Por que gostamos tanto de ver lésbicas no cinema?



por Larissa

Flores Raras, de Bruno Barreto, estreou nesta sexta-feira, 16, em 150 cinemas do Brasil. O filme, exibido anteriormente na abertura do festival de Gramado, ficou em 1º lugar de público no festival de cinema de São Francisco e em 2º lugar em Berlim. Não é à toa que a obra era ansiosamente aguardada pelas lésbicas do país.


Trata-se da história de amor, entre duas mulheres notáveis: Lota de Macedo Soares, a idealizadora e responsável pela construção do Aterro do Flamengo; e Elisabeth Bishop, renomada poetisa estadunidense, ganhadora, dentre outros, do Prêmio Pulitzer de 1956, com a obra Norte e Sul, escrita no período em que estava no Brasil.

Veja o trailer do filme: 


Antes da divulgação do trailer, havia receios a respeito da representação das personagens que iríamos encontrar. Não é raro, no cinema, que figuras célebres reconhecidamente homossexuais tenham essa parte de sua identidade disfarçada, ou apresentada apenas como um mero detalhe, como se viver a homossexualidade abertamente em uma cultura heteronormativa fosse algo banal na vida das pessoas. Os exemplos são muitos, não cabe aqui uma lista.

Em Flores raras, as cenas são claras. As duas se amam, se beijam, trocam carícias ternas e picantes. É mesmo possível reconhecer uma representação de afetividade convincente entre duas lésbicas. Glória Pires encena uma Lota decidida e autoritária, poço de segurança que se desfaz. Em uma certa crítica do filme, a atriz foi acusada, por essa atuação corajosa, de fazer uma caricatura forçada de masculinidade. Não há artificialidade nisso, não é uma caricatura. Nem todas as mulheres (ainda bem) seguem os padrões rígidos de feminilidade impostos pela cultura sexista heteronormativa. Isso não é caricatural, é a diversidade das formas de se ser pessoa humana.
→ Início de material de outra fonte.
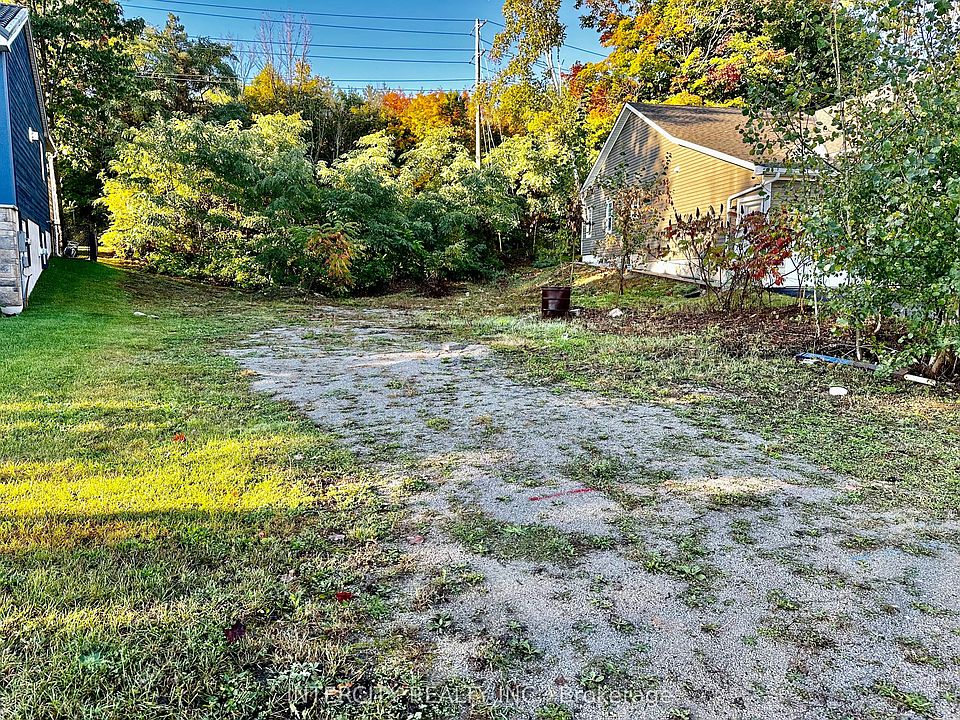 2nd image of 560 Taylor Dr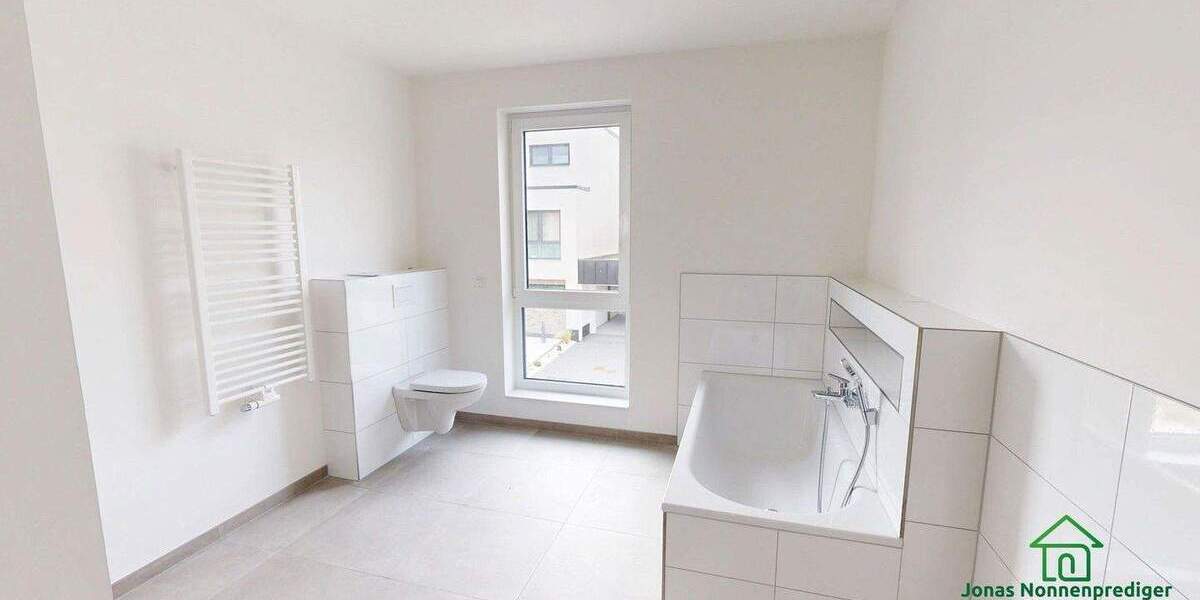 Reihenmittelhaus Schwerin Krebsförden - 4 Zimmer, 104 m&sup2;, 470.000&euro; | Angebot:24755285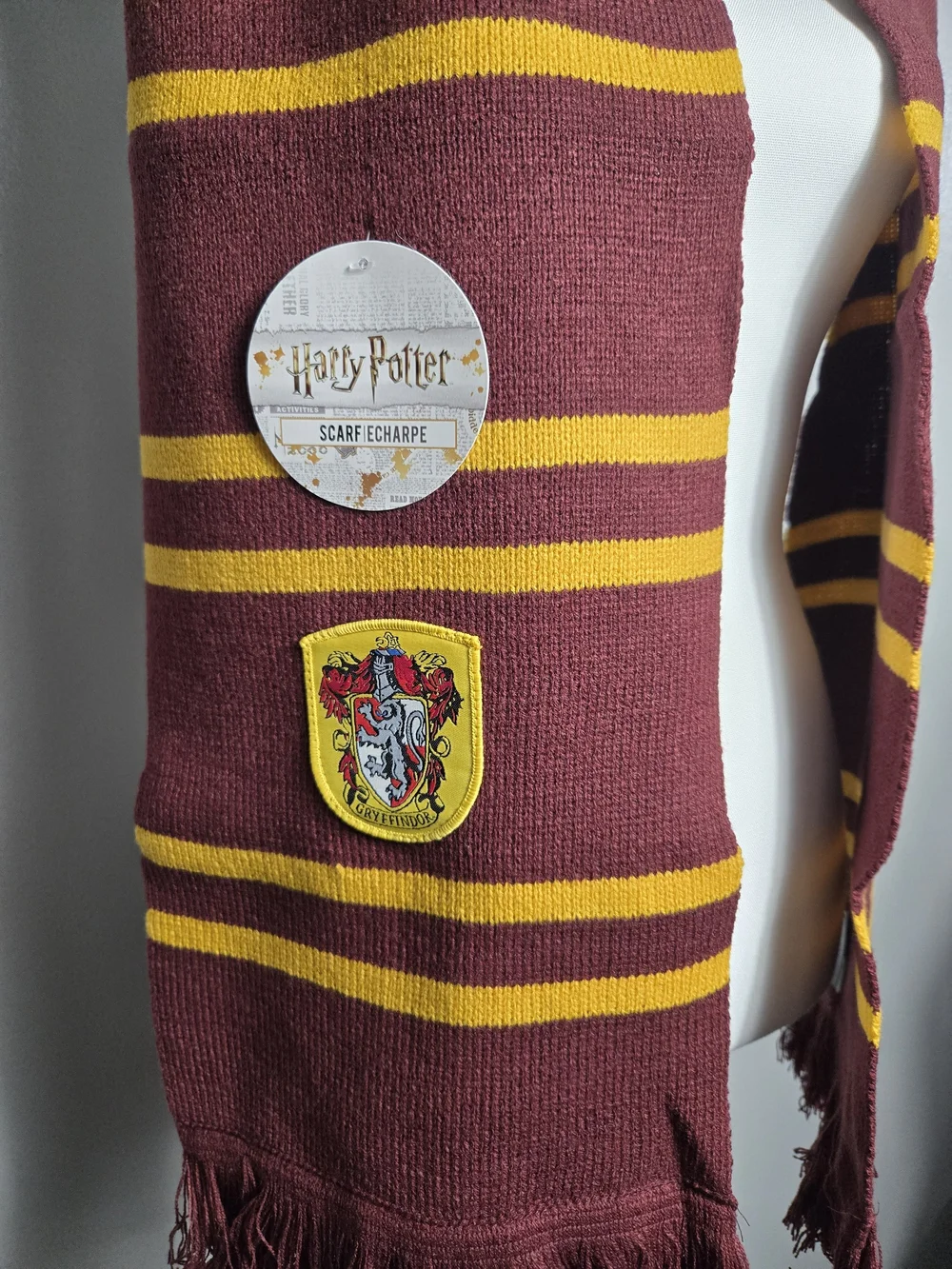 NWT Harry Potter Gryffindor Maroon Gold Stripe Knit Scarf Crest Fringe OS Winter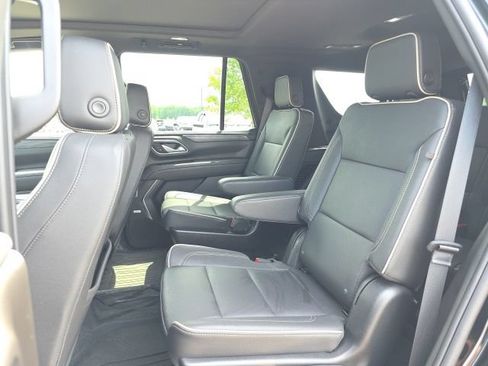 Used 2023 GMC Yukon SLT w/ SLT Premium Package AWD/4WD image 18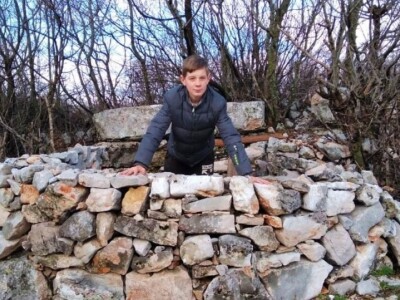 Bože Vukas (12) izumio igru Neradnik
Apesar de Bruno Barreto negar que o filme seja sobre homossexualidade, mas sim sobre perdas, o tema está lá com a própria vivência homossexual dessas mulheres históricas. É louvável que haja esse e outros temas. Já Glória Pires, em entrevista no festival de Gramado, comenta a importância da questão no filme em nosso momento político de avanços e reações apavoradas dos grupos conservadores em relação aos direitos homossexuais. Vale lembrar que o projeto do filme, iniciado há 17 anos com a compra dos direitos autorais do livro por Lucy Barreto, lidou com dificuldades em conseguir patrocínio pelo receio que muitas instituições têm de vincular suas marcas à homossexualidade.

E voltamos à pergunta título: Por que gostamos de ver lésbicas no cinema?
Gostamos de ver lésbicas no cinema, na televisão, nos livros porque gostamos de nos sentir representadas. Gostamos de reconhecer nossos conflitos, alegrias, anseios. As histórias contadas são formas de representação da realidade. Elas podem confirmar nossas crenças, reforçar ou questionar padrões, trazer reflexões sob outras perspectivas. O fato de só haver representações de amor heterossexuais acessíveis ao público em geral e principalmente aos adolescentes é uma violência através do silenciamento. 

Lembro que na minha adolescência não vi NADA que contemplasse outras formas de amor. As “lésbicas” que vi na televisão foram em produções pornográficas feitas para homens heterossexuais. Não é de se surpreender que esse tipo de material fosse mais acessível - depois da meia-noite na TV a cabo - que uma representação de afetividade autêntica entre duas mulheres. Ou seja, tudo bem que existissem lésbicas, mas para satisfação de desejos masculinos. Mas enfim, isso era final da década de 90. As coisas vão mudando, ainda que gays e lésbicas apareçam apenas de vez em quando, ainda como algo excepcional no grande circuito das narrativas cinematográficas ou literárias. Essa excepcionalidade não garante a quebra dos padrões, mas essa ínfima existência é um respiro em meio ao mar de produções que confirmam estereótipos heterossexuais de como ser mulher e de como ser homem.  O sucesso de Flores raras é sinal de novos tempos.